═══ Data ═══
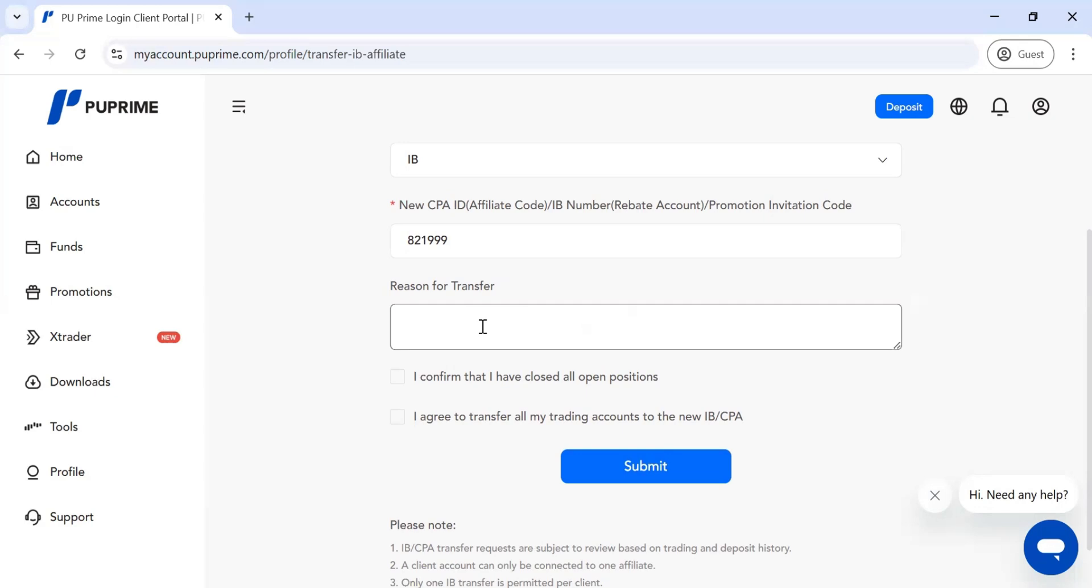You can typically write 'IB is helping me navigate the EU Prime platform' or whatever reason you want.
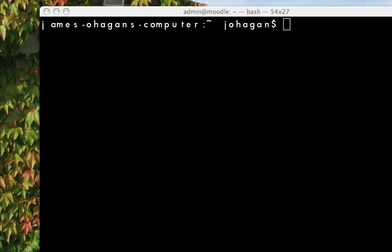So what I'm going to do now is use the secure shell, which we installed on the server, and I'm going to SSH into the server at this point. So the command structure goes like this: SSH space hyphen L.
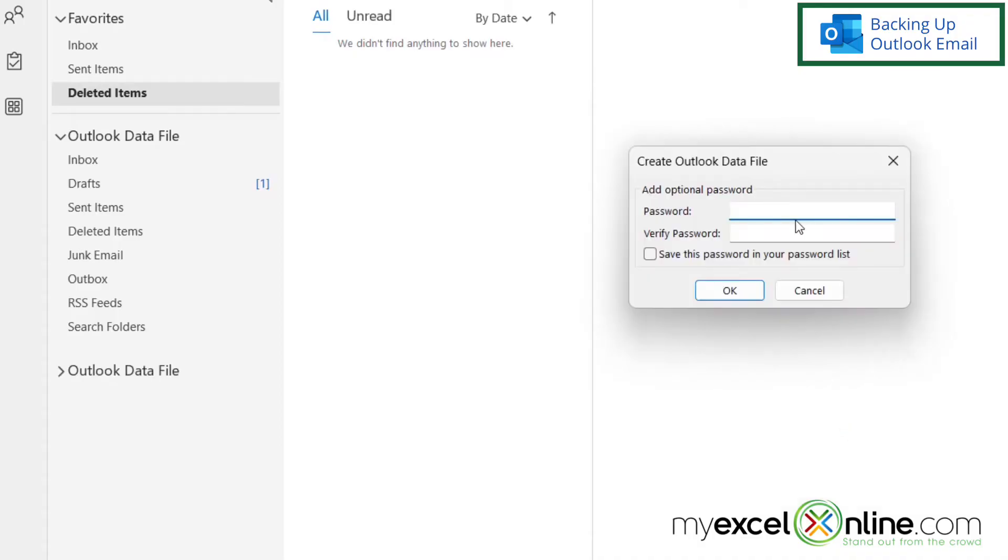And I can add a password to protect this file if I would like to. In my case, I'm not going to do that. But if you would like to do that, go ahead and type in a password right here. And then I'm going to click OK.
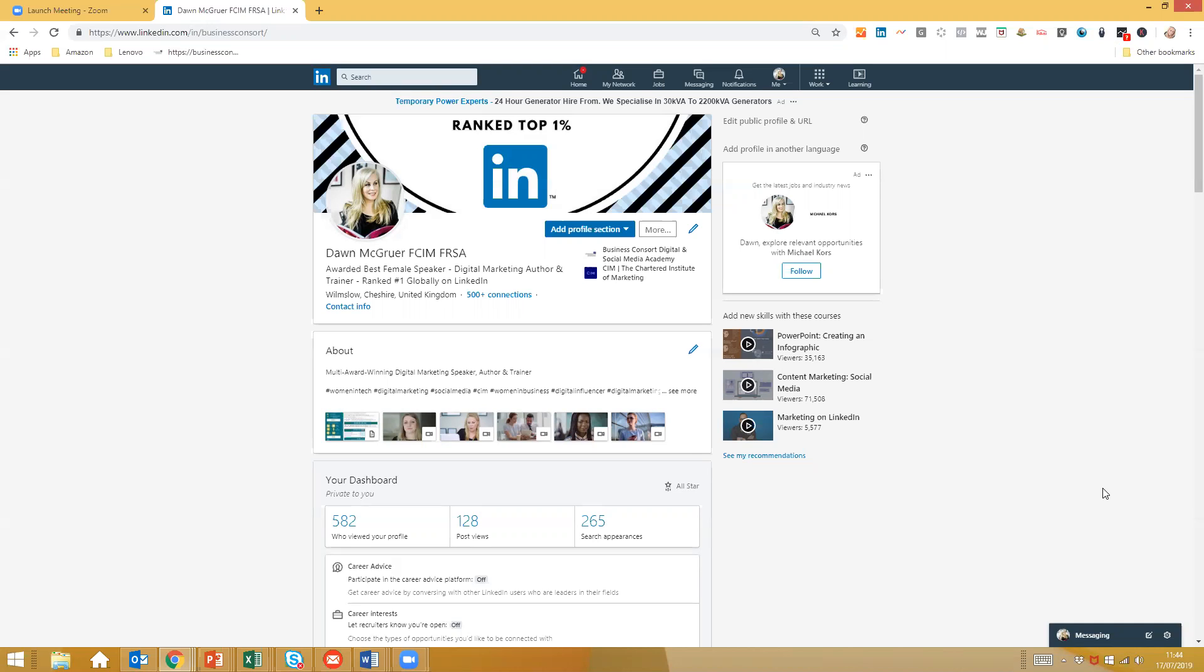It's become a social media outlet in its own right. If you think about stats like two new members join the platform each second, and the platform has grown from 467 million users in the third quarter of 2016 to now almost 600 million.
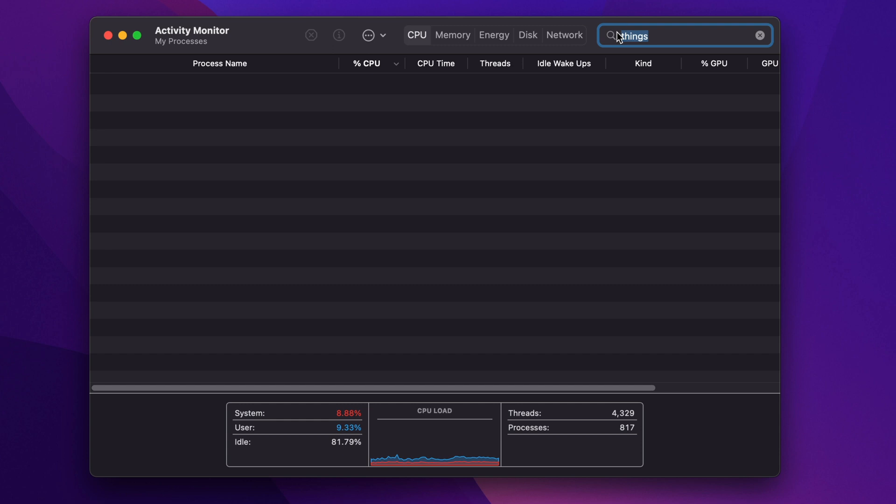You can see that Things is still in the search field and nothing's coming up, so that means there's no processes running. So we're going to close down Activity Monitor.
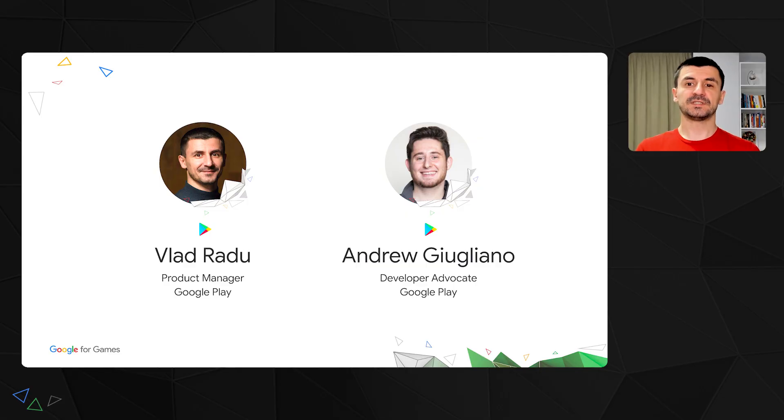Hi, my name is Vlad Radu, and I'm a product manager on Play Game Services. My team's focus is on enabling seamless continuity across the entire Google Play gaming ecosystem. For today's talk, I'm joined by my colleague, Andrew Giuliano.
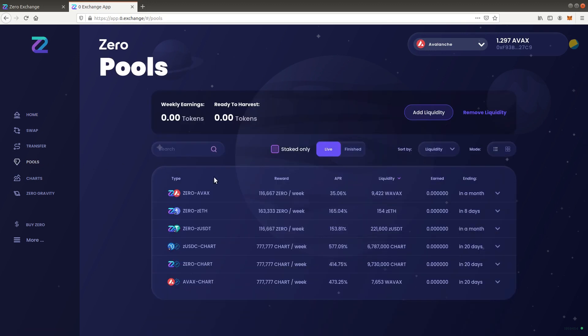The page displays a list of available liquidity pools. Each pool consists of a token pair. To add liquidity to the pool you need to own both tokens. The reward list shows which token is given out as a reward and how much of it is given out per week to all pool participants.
═══
Task to complete: Could you repeat, exactly and with nothing else, the lines from the one containing "Hi, my name" through the last line of the records above, leaving out the pictures?

Output:
Hi, my name is Vlad Radu, and I'm a product manager on Play Game Services. My team's focus is on enabling seamless continuity across the entire Google Play gaming ecosystem. For today's talk, I'm joined by my colleague, Andrew Giuliano.
The page displays a list of available liquidity pools. Each pool consists of a token pair. To add liquidity to the pool you need to own both tokens. The reward list shows which token is given out as a reward and how much of it is given out per week to all pool participants.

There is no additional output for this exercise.